POLÉMICA

Pablo Montero "se sentía muy mal" y no se presentó a la audiencia por la custodia de sus hijas

Su ex, Carolina Van Wielink, dijo en entrevista: “Vino una licenciada de parte de él y dijo que se sentía muy mal, al final no se presentó”

Pablo Montero.Créditos: Instagram: @pablomoficial
Escrito en TIEMPO X el

Sigue la polémica alrededor del conflicto legal que sostiene Pablo Montero con su exesposa, Carolina Van Wielink, por la custodia de sus hijas. Ahora el cantante no se presentó a la audiencia por la custodia de sus hijas, Carolina y Daniela,

El exparticipante de “La Casa de los famosos” mantiene la disputa con su ex desde 2018. Como expresó Carolina Van Wielink a “Ventaneando”, el cantante no se presentó en la audiencia: “Vino una licenciada de parte de él y dijo que se sentía muy mal, al final no se presentó”.

En la entrevista la exesposa de Pablo Montero comentó que el cantante quiere quitarle a sus hijas para que vivan con él.

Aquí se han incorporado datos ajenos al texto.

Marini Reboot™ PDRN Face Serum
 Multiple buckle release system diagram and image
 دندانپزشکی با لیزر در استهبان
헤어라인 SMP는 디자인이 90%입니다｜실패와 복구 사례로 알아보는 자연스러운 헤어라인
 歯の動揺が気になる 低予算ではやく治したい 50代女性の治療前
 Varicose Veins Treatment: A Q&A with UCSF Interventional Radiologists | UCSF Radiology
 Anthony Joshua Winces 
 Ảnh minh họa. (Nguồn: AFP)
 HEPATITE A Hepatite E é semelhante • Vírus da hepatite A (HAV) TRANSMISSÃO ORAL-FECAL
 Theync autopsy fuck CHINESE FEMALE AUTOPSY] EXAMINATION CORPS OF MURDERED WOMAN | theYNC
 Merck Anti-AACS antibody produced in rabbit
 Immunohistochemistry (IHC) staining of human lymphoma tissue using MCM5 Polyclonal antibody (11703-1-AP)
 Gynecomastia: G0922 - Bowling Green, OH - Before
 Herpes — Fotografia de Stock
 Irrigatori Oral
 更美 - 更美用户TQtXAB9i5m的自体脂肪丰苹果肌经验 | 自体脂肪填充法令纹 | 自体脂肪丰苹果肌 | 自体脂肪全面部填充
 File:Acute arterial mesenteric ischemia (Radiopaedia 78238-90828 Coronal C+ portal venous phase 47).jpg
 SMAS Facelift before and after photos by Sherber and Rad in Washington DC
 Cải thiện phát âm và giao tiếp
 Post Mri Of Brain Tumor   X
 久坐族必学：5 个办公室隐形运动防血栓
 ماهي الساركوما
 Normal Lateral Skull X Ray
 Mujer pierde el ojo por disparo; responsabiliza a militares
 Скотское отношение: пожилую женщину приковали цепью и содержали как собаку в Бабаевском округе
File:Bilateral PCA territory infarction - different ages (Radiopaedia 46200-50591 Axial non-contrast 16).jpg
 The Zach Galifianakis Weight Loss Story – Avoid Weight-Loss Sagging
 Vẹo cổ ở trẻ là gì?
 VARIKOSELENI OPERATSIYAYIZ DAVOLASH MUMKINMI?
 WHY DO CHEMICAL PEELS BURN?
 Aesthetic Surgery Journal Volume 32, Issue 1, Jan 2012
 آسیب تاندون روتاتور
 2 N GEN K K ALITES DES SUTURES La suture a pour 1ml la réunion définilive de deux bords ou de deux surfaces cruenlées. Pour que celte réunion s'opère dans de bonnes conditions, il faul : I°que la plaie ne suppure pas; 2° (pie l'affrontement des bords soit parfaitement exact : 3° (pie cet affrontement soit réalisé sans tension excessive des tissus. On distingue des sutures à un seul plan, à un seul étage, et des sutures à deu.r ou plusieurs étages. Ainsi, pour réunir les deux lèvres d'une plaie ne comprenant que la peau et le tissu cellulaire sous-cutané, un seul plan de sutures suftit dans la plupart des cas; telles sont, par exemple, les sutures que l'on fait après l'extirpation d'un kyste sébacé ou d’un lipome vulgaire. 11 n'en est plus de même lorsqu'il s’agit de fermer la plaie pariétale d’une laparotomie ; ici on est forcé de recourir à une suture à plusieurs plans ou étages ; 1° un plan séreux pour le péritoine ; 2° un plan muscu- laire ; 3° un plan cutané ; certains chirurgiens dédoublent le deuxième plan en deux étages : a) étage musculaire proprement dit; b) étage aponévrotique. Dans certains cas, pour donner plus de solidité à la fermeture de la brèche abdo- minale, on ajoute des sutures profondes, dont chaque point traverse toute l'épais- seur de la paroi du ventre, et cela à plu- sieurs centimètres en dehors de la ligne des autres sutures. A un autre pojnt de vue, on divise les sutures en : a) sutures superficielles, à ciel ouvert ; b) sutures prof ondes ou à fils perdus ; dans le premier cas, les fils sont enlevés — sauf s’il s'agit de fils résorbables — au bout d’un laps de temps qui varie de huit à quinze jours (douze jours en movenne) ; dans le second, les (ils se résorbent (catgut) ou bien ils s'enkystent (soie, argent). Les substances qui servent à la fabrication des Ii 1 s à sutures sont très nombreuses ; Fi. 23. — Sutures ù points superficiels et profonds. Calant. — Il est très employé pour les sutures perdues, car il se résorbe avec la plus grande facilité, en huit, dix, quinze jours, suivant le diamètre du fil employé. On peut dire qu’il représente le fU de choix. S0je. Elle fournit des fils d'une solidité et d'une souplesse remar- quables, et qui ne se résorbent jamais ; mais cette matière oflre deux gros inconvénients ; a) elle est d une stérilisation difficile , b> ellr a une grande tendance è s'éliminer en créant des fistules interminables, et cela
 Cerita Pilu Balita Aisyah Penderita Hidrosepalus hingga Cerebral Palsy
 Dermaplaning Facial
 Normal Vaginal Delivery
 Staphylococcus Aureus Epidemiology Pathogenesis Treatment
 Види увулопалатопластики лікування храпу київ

“Nos íbamos a reunir por demandas, ahora sí que son demandas que él me ha puesto para quitarme a las niñas, que soy una alcohólica y tontería y media. Más que nada fue lo de la custodia, él está peleando la custodia de las niñas; se quiere quedar con ellas. Es una tontería, pero bueno, ¿qué te digo? Ahora sí que lo conocen ustedes más que yo”.

La expareja del cantante que le cantó a Nicolás Maduro en su último cumpleaños aseguró que su enojo se debe a que el exparticipante de “La casa de los famosos” no le da manutención y quiere quitarle a sus hijas. Desde que ella empezó una nueva relación, le han llovido demandas.

“De parte de él, ¡híjole!, como nueve, yo hacia él, tres. Realmente lo mío es lo de los horarios, que se ponga al corriente con lo que debe de la manutención, los alimentos, todo eso y el otro es agresión, que no se meta a mi casa, que no esté agrediéndome, eso es. Lo mío es eso, y lo de él si son como 9".

Hace poco Pablo Montero se reencontró con sus hijas después de estar tres meses en el reality show de Telemundo.

Realmente mi molestia con él es que puede ver a las niñas, puede convivir con las niñas, que conviva con las niñas, pero hay un límite, tiene sus días estipulados, horarios, días, tal cual, pero el problema es que él llega a la hora que quiere, como quiere, 9 de la noche, 6 de la mañana, o sea, a la hora que él se le hincha su gana […] Entonces, no hay límites […] pero bueno, estamos enojados”, sentenció.